The other natural frequency is indeed zero! Natural frequencies of zero corresponds to vibrational modes of rigid body motion. Rigid body motion is not a vibrational motion in itself, but still arises in the modal analysis of certain systems such as the one above. The reason you get a rigid body mode is because you are able to move the system as a whole, and no restoring force exists to bring the whole system back to its original location.
This system is equivalent to hooking up one of the masses to a fixed point using a spring of zero stiffness. Let's consider your system with mass $m_1$ connected to a fixed point with a spring of stiffness $K$. Upon performing modal analysis, the two natural frequencies of such a system are given by:
$$\omega=\sqrt{\frac{m_1 + m_2}{2m_1 m_2}k + \frac{K}{2m_1}\pm \sqrt{\left[\frac{m_1 + m_2}{2m_1 m_2}k + \frac{K}{2m_1}\right]^2 - \frac{Kk}{m_1 m_2}}}$$
Now, to reobtain your system, set $K=0$, and the two frequencies indeed become $0$ and $\sqrt{\frac{m_1+m_2}{m_1 m_2}k}$. So the lowest natural frequency of your system is indeed zero, but what is the physical significance of a natural frequency of zero? One way to interpret it is a vibration of infinite time period, $T=2\pi/\omega$. When the bodies move, it takes so long for them to finish their first oscillation that it never completes, i.e. the body continues moving on at constant speed. This corresponds to rigid body motion under no external forces (modal analysis for determining natural frequencies sets externally applied forces to zero anyways.)
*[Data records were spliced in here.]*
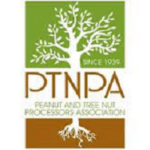PTNPA logo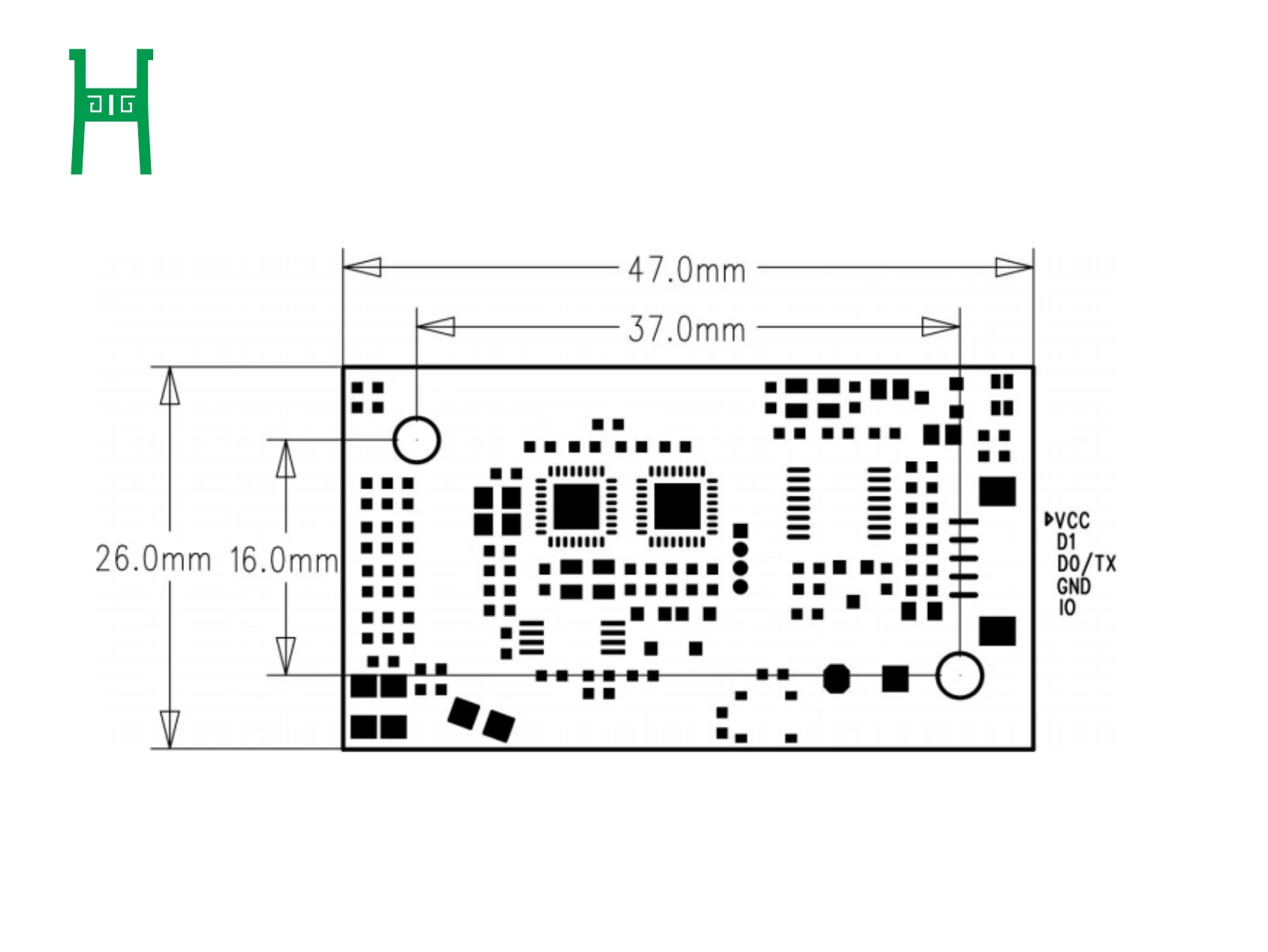 Desfire,Mifare, EM,NFC, RFID, kart okuma ve yazma modülü, okuyucu, sektörler, çıkış Wiegand26/34,UART,USB, TTL,232,5V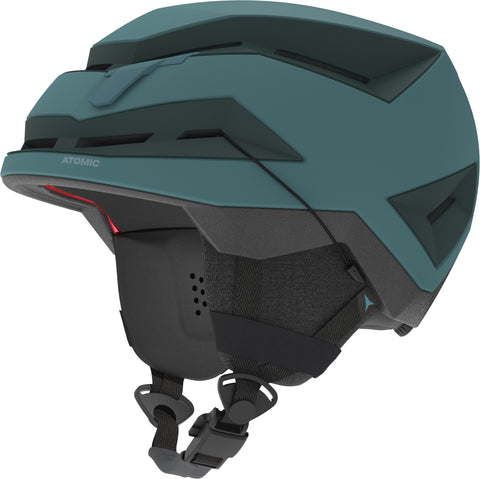 Atomic Backland Helmet
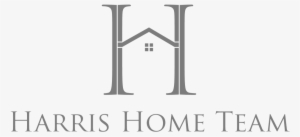 Harris Home Team - Instagram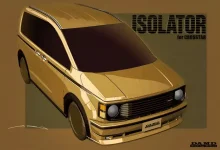Chevrolet-Astro-damd-honda-freed-isolator-rendering-1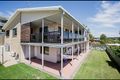 Property photo of 11 Baglow Avenue Yeppoon QLD 4703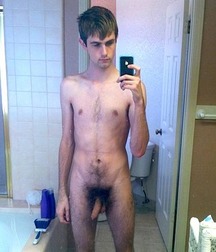 Hot mix 16 570e2790346e4.jpg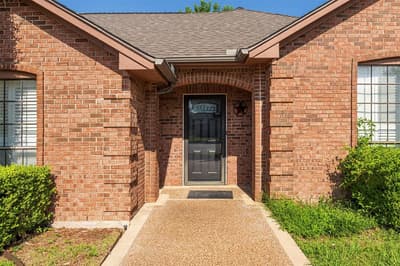 7454 Queensbury Circle, Fort Worth TX 76133 - Photo 4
Hope that answers your question :)
P.S. Also, note that the zero frequency result does appear alongside the non-zero result when you first calculate them:
By taking the determinant of the relevant matrix, the following equation is obtained:
$$\omega^4 - \frac{m_1 + m_2}{m_1 m_2}k\omega^2=0$$
Note that this can be rewritten as:
$$\omega^2 \left(\omega^2 - \frac{m_1 + m_2}{m_1 m_2}k\right) = 0$$
So it can be seen that $\omega^2 = 0$ if one of the two solutions. It is quite easy to miss this, as it can be prematurely cancelled out of the equation, which can only be done if $\omega^2 = 0$ is an impossible solution, which it is not.